In [None]:
import torch
from transformers import AutoTokenizer, AutoModelForCausalLM

#### Define the input texts for the model to process

In [2]:
input_texts = [
    "Explain the theory of relativity.",
    "What is the capital of France?",
    "How does quantum computing work?",
    "What are the benefits of machine learning?",
]

### Load the **Llama 3.1 8B** model and tokenizer, then perform inference on the input texts.
- This function requires at least 32GiB of GPU memory to run efficiently.

In [3]:
def inference_8B(input_texts):
    # Load model directly
    tokenizer = AutoTokenizer.from_pretrained("meta-llama/Meta-Llama-3.1-8B")
    model = AutoModelForCausalLM.from_pretrained("meta-llama/Meta-Llama-3.1-8B")
    
    ### NOTE: THIS MODEL REQUIRES AT LEAST 32GiB OF GPU MEMORY ###
    # Move the model to the GPU
    device = torch.device("cuda" if torch.cuda.is_available() else "cpu")
    model.to(device)

    tokenizer.pad_token = tokenizer.eos_token
    inputs = tokenizer(input_texts, return_tensors="pt", padding=True, truncation=True).to(device)

    with torch.no_grad():
        outputs = model.generate(**inputs, max_length=200)
        generated_texts = [tokenizer.decode(output, skip_special_tokens=True) for output in outputs]

    for i, text in enumerate(generated_texts):
        print(f"Question: {input_texts[i]}")
        print(f"Answer: {text}")
        print()
    
    # Clear GPU memory
    del model
    del inputs
    torch.cuda.empty_cache()

### Perform inference on the defined input texts using the **8B** model

In [4]:
inference_8B(input_texts)

Loading checkpoint shards: 100%|██████████| 4/4 [00:37<00:00,  9.32s/it]
Setting `pad_token_id` to `eos_token_id`:128001 for open-end generation.
A decoder-only architecture is being used, but right-padding was detected! For correct generation results, please set `padding_side='left'` when initializing the tokenizer.


Question: Explain the theory of relativity.
Answer: Explain the theory of relativity. What are the main points of Einstein's theory of relativity?
Einstein's theory of relativity is one of the most important scientific ideas of the 20th century. It has had a huge impact on our understanding of the universe, and has led to many technological advances.
The theory of relativity is based on the idea that the laws of physics are the same for all observers, regardless of their speed or location. This means that the laws of physics are the same for all observers, regardless of their speed or location. This is a fundamental principle of the theory of relativity.
The theory of relativity also says that the speed of light is the same for all observers, regardless of their speed or location. This is a fundamental principle of the theory of relativity.
The theory of relativity also says that time is relative. This means that time is not absolute, but is relative to the observer.

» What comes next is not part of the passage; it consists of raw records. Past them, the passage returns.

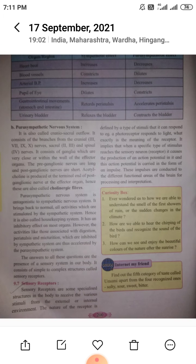The parasympathetic nervous system is antagonistic to the sympathetic nervous system. It brings back to normal all activities which were stimulated by the sympathetic system. The parasympathetic system works under normal resting conditions, whereas the sympathetic works in the fight or flight mechanism.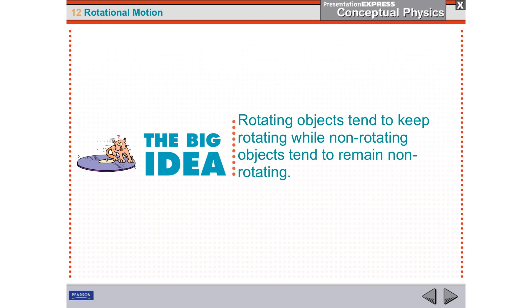Welcome back. This is section 12.1, which in your textbook is 11.4, on rotational inertia.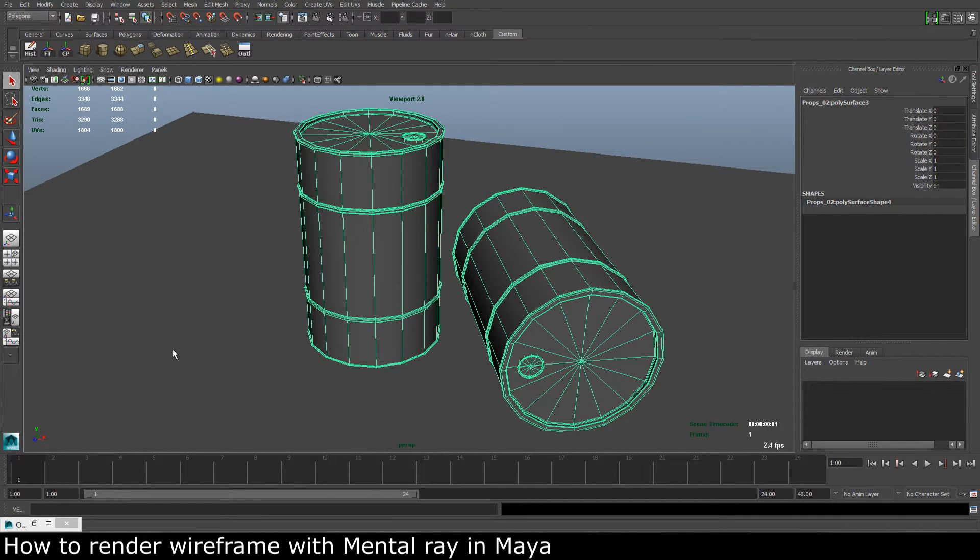Hello guys, Martin here, and today we will take a look at how we can render the wireframe on our models.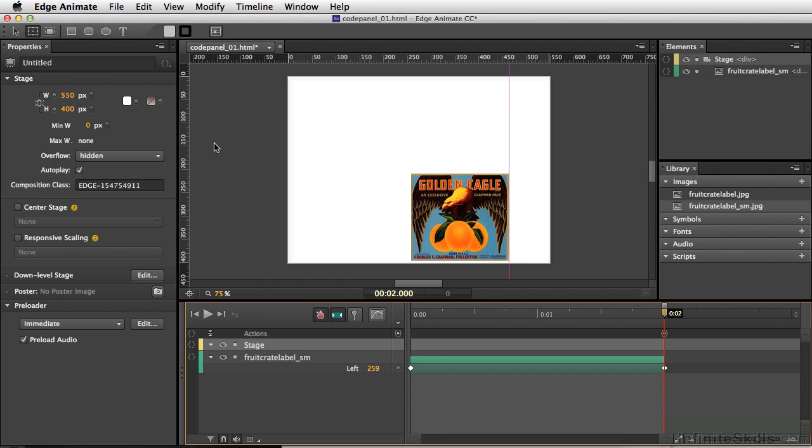Okay, so without writing any code, we've actually taken control over our timeline, made it stop where we wanted it to, and we've even had the animation play in reverse. All of this is possible by using timeline triggers.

This is a fundamen

### Load the **Llama 3.1 8B-Instruct** model and tokenizer, then perform inference on the input texts.
- This function requires at least 32GiB of GPU memory to run efficiently.

In [5]:
def inference_8B_instruct(input_texts):

    # Load model directly
    tokenizer = AutoTokenizer.from_pretrained("meta-llama/Meta-Llama-3.1-8B-Instruct")
    model = AutoModelForCausalLM.from_pretrained("meta-llama/Meta-Llama-3.1-8B-Instruct")
    
    ### NOTE: THIS MODEL REQUIRES AT LEAST 32GiB OF GPU MEMORY ###
    # Move the model to the GPU
    device = torch.device("cuda" if torch.cuda.is_available() else "cpu")
    model.to(device)

    tokenizer.pad_token = tokenizer.eos_token
    inputs = tokenizer(input_texts, return_tensors="pt", padding=True, truncation=True).to(device)

    with torch.no_grad():
        outputs = model.generate(**inputs, max_length=200)
        generated_texts = [tokenizer.decode(output, skip_special_tokens=True) for output in outputs]

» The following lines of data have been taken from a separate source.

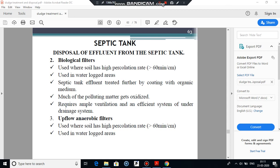In the previous lecture we discussed the disposal of effluent from the septic tank in soil absorption systems — that is the soak pit or seepage pit and dispersion trenches, along with related numericals. The other two methods for disposal of effluent when sufficient land is not available are biological filters or upflow anaerobic filters.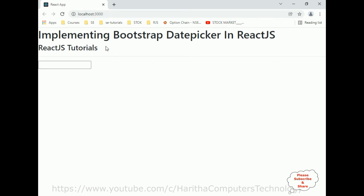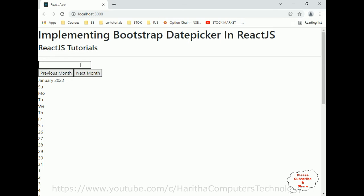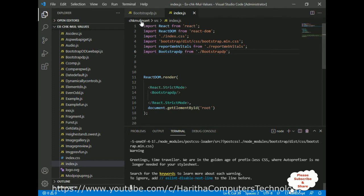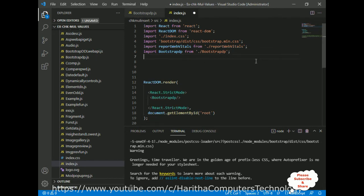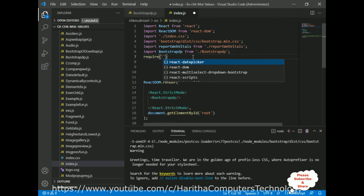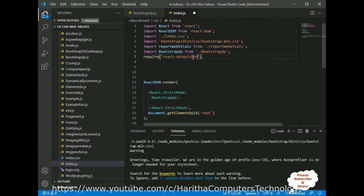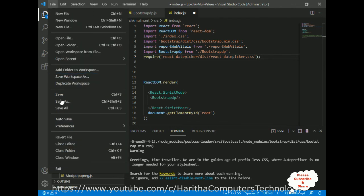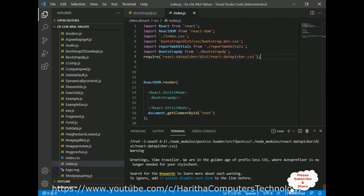Run the application with 'npm start'. Here we got the output — headings, a horizontal line, and a date picker. When I click on the date picker we are getting the calendar, but it is not displaying properly because we need to add CSS styles. In index.js, we require the CSS: require('react-datepicker/dist/react-datepicker.css'). Save the file.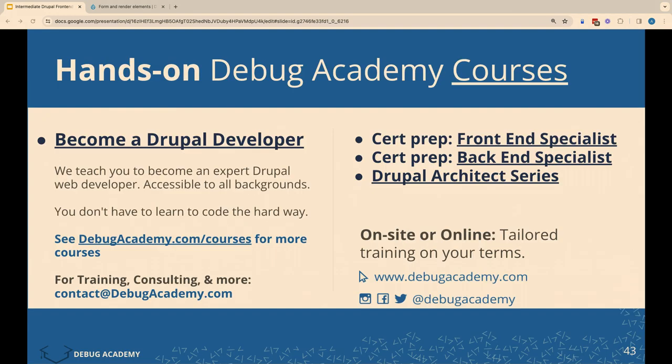That's a lot of information. I'd be very receptive to feedback. If you're interested in training where we go through this at a more digestible pace with hands-on exercises, debugacademy.com is the website. We have business cards here, come say hello. I hope this was beneficial and that you learned something new. I'd love to hear feedback, and I'm happy to take questions.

    for i, text in enumerate(generated_texts):
        print(f"Question: {input_texts[i]}")
        print(f"Answer: {text}")
        print()
        
    # Clear GPU memory
    del model
    del inputs
    torch.cuda.empty_cache()

### Perform inference on the defined input texts using the **8B** model

In [6]:
inference_8B_instruct(input_texts)

Loading checkpoint shards: 100%|██████████| 4/4 [00:41<00:00, 10.34s/it]
Setting `pad_token_id` to `eos_token_id`:128001 for open-end generation.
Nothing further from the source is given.